Мы ему верили и ждали. Сначала каждый день, а потом из года в год. Весной 1938 года нас (мою маму Антонину Антоновну Гринберг, меня и мою младшую сестру, семилетнюю Люцию) выслали в Башкирию на десять лет. Там я узнала, что отца осудили тоже на десять лет, но «без права переписки». Больше мы его никогда не видели.
Не мог отец быть врагом народа. С какой любовью он говорил о своём паровозе, как мечтал о счастливой жизни и верил в неё! Всё он делал добросовестно и нас этому учил. В Петергофе мы жили у самого вокзала в здании бывшего паровозного депо с окнами до потолка. Гудки паровозов и лязг колёс слышались круглые сутки. Маму это раздражало, а отец говорил, что это «музыка жизни». А ведь у него был хороший музыкальный слух, он играл на скрипке, гитаре и других музыкальных инструментах. Одно другому, видимо, не мешало.
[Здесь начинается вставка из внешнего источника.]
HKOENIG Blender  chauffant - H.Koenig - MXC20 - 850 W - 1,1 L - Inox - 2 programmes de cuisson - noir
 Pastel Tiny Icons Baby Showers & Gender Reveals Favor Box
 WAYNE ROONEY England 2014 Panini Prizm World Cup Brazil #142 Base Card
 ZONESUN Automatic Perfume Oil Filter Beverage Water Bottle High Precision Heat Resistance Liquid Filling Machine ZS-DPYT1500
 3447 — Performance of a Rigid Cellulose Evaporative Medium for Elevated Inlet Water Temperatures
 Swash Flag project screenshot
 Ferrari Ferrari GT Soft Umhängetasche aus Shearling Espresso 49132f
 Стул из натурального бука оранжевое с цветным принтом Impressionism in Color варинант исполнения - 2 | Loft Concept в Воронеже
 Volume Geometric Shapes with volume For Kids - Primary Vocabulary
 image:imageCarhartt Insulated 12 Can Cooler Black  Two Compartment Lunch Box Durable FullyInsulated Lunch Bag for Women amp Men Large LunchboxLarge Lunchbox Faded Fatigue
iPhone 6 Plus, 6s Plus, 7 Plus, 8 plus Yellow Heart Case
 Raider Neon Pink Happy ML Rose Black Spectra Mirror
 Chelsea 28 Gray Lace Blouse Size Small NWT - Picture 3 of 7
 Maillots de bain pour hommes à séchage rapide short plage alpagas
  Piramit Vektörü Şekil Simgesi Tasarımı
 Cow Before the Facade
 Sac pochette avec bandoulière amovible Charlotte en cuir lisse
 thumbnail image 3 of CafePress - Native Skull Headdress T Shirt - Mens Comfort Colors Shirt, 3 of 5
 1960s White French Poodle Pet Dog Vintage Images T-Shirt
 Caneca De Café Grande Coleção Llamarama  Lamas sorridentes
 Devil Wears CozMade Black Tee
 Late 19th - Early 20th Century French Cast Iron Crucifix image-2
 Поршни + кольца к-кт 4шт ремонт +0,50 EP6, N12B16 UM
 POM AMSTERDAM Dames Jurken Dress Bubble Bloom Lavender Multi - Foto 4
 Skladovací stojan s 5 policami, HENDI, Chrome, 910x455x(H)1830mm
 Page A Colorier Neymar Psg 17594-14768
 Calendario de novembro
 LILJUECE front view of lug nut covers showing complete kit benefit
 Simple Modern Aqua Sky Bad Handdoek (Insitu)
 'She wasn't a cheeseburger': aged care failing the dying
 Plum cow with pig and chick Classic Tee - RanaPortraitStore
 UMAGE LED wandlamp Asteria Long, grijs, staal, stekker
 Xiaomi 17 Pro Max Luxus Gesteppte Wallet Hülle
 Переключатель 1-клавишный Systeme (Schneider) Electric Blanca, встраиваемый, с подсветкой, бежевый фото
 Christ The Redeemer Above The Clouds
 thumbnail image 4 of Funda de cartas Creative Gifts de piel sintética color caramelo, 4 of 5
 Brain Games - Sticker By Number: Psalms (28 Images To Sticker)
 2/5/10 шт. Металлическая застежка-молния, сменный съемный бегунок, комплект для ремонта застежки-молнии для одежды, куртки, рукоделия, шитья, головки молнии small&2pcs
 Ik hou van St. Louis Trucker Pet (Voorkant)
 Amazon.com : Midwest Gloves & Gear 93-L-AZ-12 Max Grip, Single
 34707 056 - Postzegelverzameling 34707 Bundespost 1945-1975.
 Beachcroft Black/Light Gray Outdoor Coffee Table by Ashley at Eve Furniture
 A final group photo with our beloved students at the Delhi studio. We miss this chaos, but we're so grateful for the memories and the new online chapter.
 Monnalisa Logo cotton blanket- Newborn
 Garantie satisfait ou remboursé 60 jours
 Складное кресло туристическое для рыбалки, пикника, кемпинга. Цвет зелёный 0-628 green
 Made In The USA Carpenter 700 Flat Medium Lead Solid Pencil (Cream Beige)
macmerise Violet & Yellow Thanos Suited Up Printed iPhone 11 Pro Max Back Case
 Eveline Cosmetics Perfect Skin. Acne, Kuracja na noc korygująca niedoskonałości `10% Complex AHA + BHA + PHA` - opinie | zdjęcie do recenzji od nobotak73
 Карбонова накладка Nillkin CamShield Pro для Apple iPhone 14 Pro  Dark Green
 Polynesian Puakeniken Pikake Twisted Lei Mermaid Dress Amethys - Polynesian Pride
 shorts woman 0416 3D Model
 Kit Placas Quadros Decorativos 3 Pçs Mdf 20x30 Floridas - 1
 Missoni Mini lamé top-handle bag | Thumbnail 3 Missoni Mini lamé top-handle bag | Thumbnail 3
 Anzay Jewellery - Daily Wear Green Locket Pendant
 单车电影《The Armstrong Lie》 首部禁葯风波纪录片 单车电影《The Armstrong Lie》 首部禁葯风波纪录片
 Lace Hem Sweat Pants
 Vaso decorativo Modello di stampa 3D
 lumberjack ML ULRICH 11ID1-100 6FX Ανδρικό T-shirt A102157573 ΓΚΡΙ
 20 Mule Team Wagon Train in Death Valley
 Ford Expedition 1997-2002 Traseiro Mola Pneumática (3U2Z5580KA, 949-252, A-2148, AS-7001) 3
За хорошую работу отца премировали квартирой в Ленинграде на Расстанной, 4. Купить мебель было не на что. Отец сам начал мастерить. Своими руками были сделаны этажерка, детская кроватка, шкаф, диван, бильярд. Куплены были стол, венские стулья и кровать с никелированными шарами на спинках. Над столом люстра тоже была собрана отцом.
Наша соседка тётя Саша рассказала, что их спасли от голодной смерти плитки столярного клея, которых был порядочный запас у отца, и которые они обнаружили на антресолях во время блокады. Не раз вспомнили добрым словом отца.
С отцом связано много хорошего. Когда они с мамой собирались в театр, для нас это тоже был праздник. Платье для мамы выбирали всей семьёй, приготавливали сумочку, веер, шляпку. Для отца – красивый галстук, запонки, шляпу (кепок он не носил). А потом сидели у окна на кухне и ждали. Быть на улице в это время не разрешалось.
К приёму гостей больше готовился папа. Красиво украсить стол было его обязанностью. Он кончал какие-то курсы по кулинарии, когда его перевели заготовителем в ОРС. Поэтому умел делать цветы из варёных овощей, а винегрет тогда был самым модным блюдом. Учил и меня. Вообще, всему, что умел делать сам, учил и меня. Помню, как во время заготовок в Белоруссии пригнали стадо коров для отправки в Ленинград, и он научил меня (и ещё некоторых женщин) их доить. Коровы так страшно мычали, я боялась, но отец внушил мне, что стыдно бояться, когда нужна твоя помощь.
Впервые посадил меня верхом на лошадь тоже отец. Хотя я была совсем маленькой, но считали, что наездница из меня получилась. Позже, уже взрослой, работая во время войны в колхозах на уборке урожая, я самостоятельно могла не только оседлать лошадь, но и запрячь её в телегу.
Пилить, строгать, дрова колоть я научилась до двенадцати лет. Отопление на кухне в Ленинграде было печное. Удивляюсь, почему (по маминым словам) отец всегда хотел иметь дочерей, а не сына. Он нас баловал, редко что запрещал. Но уж если сказал, что чего-то «нельзя», то мы даже не пытались спрашивать «почему».
Иногда в Петергоф приезжала вагон-лавка для железнодорожников. С мамой пошли в эту лавку, и там оказались на мой рост два пальто: красное и чёрное. Мама выбрала чёрное, то ли как более практичное, то ли оно было на вырост. А покупать мы пошли с папой. Думаю, что и папе было дано соответствующее указание. Но я снова примерила оба, а когда папа спросил, какое мне больше нравится, думаю, что я промолчала. Я боялась подвести отца. Он купил мне красное. До сих пор я помню это чувство даже не радости, а благодарности. Гораздо позднее до меня дошёл смысл отцовских слов на мамино удивление или недовольство: «Я не смог».
Никогда отец не был небрежным в одежде. Не только его аккуратность, но и тех, кто бывал у нас на каких-то семейных праздниках, я считала эталоном культуры. Светлые рубашки, запонки, обязательные галстуки – всё это у меня вызывает связь с внутренним благородством человека. Железнодорожник – это вежливость, подтянутость, большая ответственность, ведь от них зависела жизнь людей. До сих пор не могу принять свободное, небрежное отношение к внешнему виду молодых парней.
Неллия Рудольфовна Выморкова (Гринберг), г. Гатчина
Рудольф Карлович Гринберг расстрелян по так называемому Списку латышских шпионов № 29. В предписании на расстрел значится 12-м из 88 приговорённых к высшей мере наказания. 86 из них расстреляны 9 апреля 1938 г. и помянуты в 9-м томе «Ленинградского мартиролога». Двое умерли до приведения приговора в исполнение и помянуты в 12-м томе «Ленинградского мартиролога».